Revenge on Click and Clack
Walter
God save the catalog, and the Commonwealth of Massachusetts.
We might be able to extort a customization of the Libraries' van from Click and Clack, not necessarily to the extent of dropping a Dodge 413 ram-induction mill into it and installing an air-scoop, but just, oh, tinted windows, pinstriping, glasspaks, mag wheels, Hurst shifter, etc.
Perhaps Click and Clack would be willing to perform a sort of expiatory community service and help out at a reference desk for a couple of hours, kicking off the Libraries' "Celebrity Reference" series. Or maybe they could run the elevator at RSC for a morning that the movers are there, and call out the collections as it makes its oceanic way from floor to floor.

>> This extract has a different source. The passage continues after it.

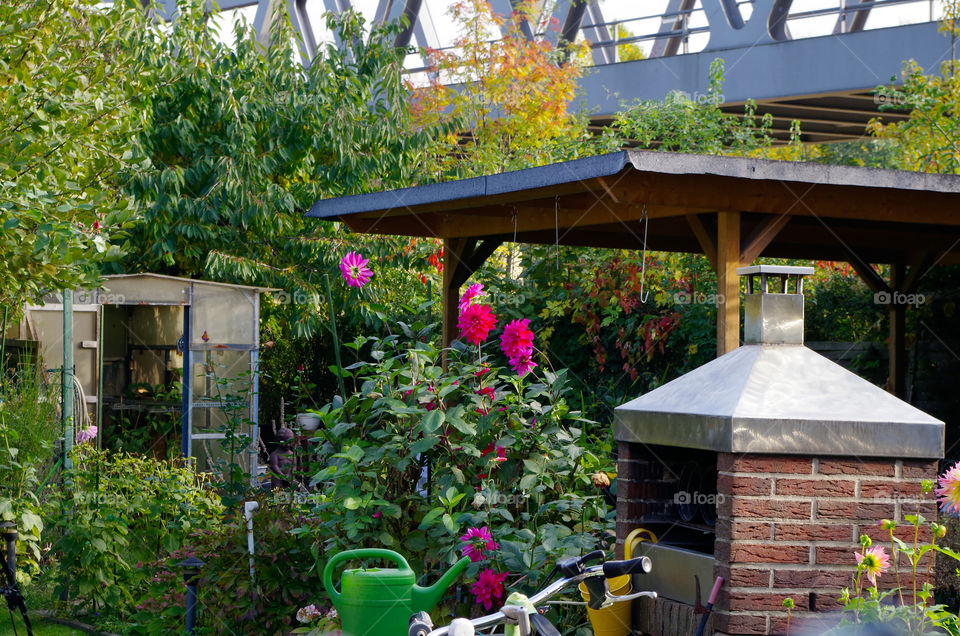 Urban gardening in the Park am Gleisdreieck where people have their small garden for more than 30 years now. After a huge transformation of the surrounding area the gardens have been integrated into the park design. Together with the metro which is lead along the bridge in the background of the image.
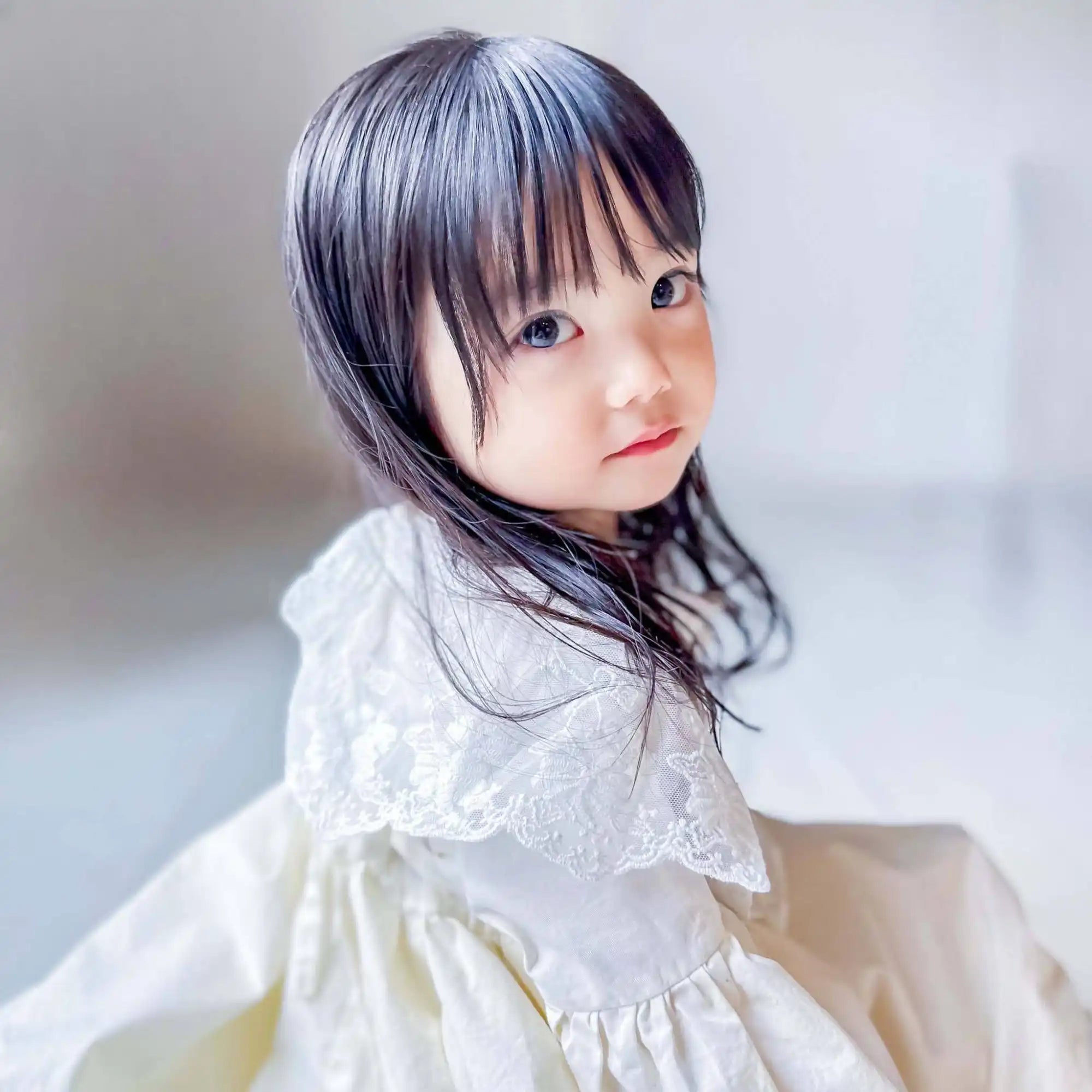 レース襟の白いドレスを着た若い少女。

I think, though, that since they returned the book, and because they have accumulated grace by being funny and informative in the media and by starting Hacker's Haven, and because they are from the 'hood, that perhaps we should lay down our righteous wrath and embrace Click, and even Clack! in a spirit of millenial forgiveness.
Eternally, for now,
Walter
Wayne
Ann and Underlibbers,
I think that since the Magliozzis are the car boys and we are the book boys (and girls), we should propose some sort of car/book reversal to them, e.g.:
-Ask them if our director of libraries (or even our head of serials cataloging) can borrow their car and be fairly unspecific about when we return it to them.
-Ask them if they'd devote an upcoming episode of their show to "Book Talk", during which people call in with various book-related questions. Ann could be their special guest, but all three would make their best stabs at questions such as
--- "I left my copy of Kierkegaard's 'Fear and Trembling' on the dash of the Buick, and now it's all faded: what should I do?"
--- "Can someone at MIT explain to me how I can bypass the Internet blocking software at my public library so that I can access the latest pics of Melvil Dewey?"
--- "Do you think that digitization and the broad availability of electronic resources spell the end of the printed journal as we know it?"